Raw data =
⁂

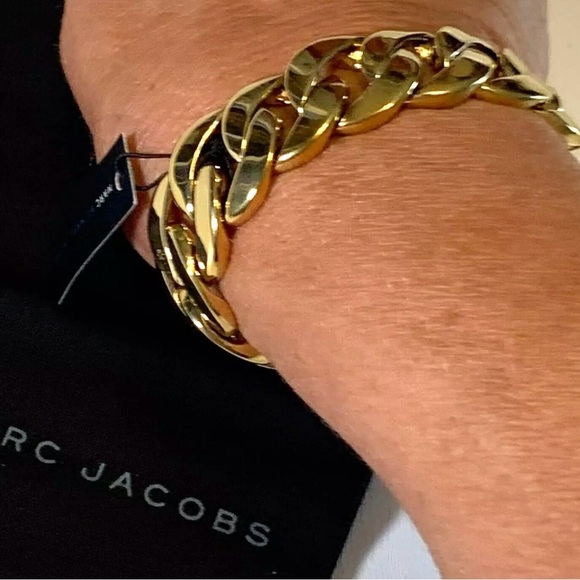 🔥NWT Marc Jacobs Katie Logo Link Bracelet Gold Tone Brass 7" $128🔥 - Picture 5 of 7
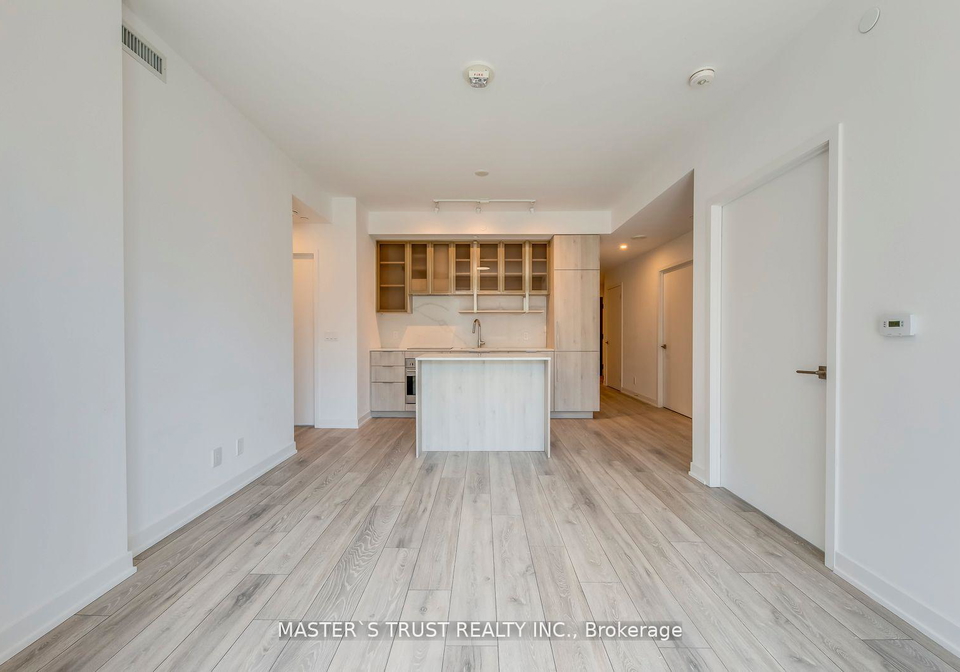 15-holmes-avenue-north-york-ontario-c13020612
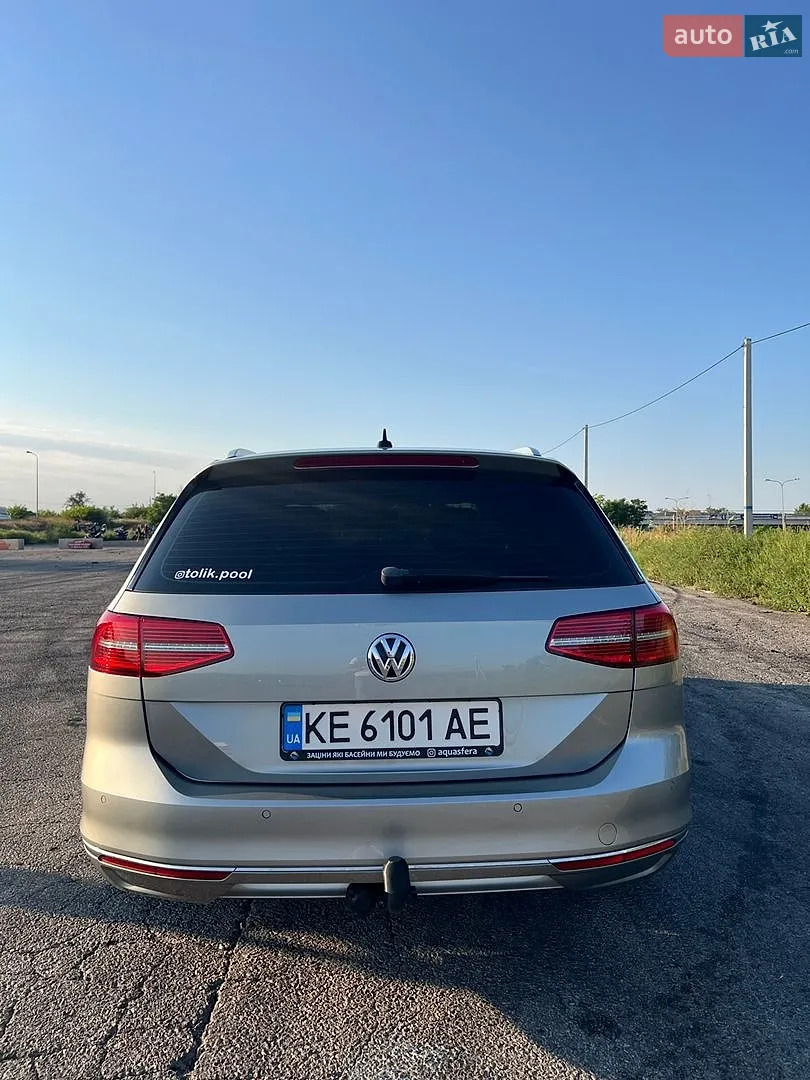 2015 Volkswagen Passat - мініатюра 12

⁂

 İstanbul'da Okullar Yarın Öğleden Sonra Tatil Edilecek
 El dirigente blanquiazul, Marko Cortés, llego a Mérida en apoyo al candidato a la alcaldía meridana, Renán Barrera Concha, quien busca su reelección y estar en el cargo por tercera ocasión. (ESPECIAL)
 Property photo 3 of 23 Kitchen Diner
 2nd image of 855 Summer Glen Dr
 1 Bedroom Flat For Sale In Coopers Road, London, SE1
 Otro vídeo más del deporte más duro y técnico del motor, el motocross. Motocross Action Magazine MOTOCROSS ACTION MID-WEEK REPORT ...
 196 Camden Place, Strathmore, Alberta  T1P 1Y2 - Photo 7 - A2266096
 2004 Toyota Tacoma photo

⁂

Quote the data above from the line containing "1 Bedroom Flat" to the line containing "2004 Toyota Tacoma photo", inclusive, and stop.

 1 Bedroom Flat For Sale In Coopers Road, London, SE1
 Otro vídeo más del deporte más duro y técnico del motor, el motocross. Motocross Action Magazine MOTOCROSS ACTION MID-WEEK REPORT ...
 196 Camden Place, Strathmore, Alberta  T1P 1Y2 - Photo 7 - A2266096
 2004 Toyota Tacoma photo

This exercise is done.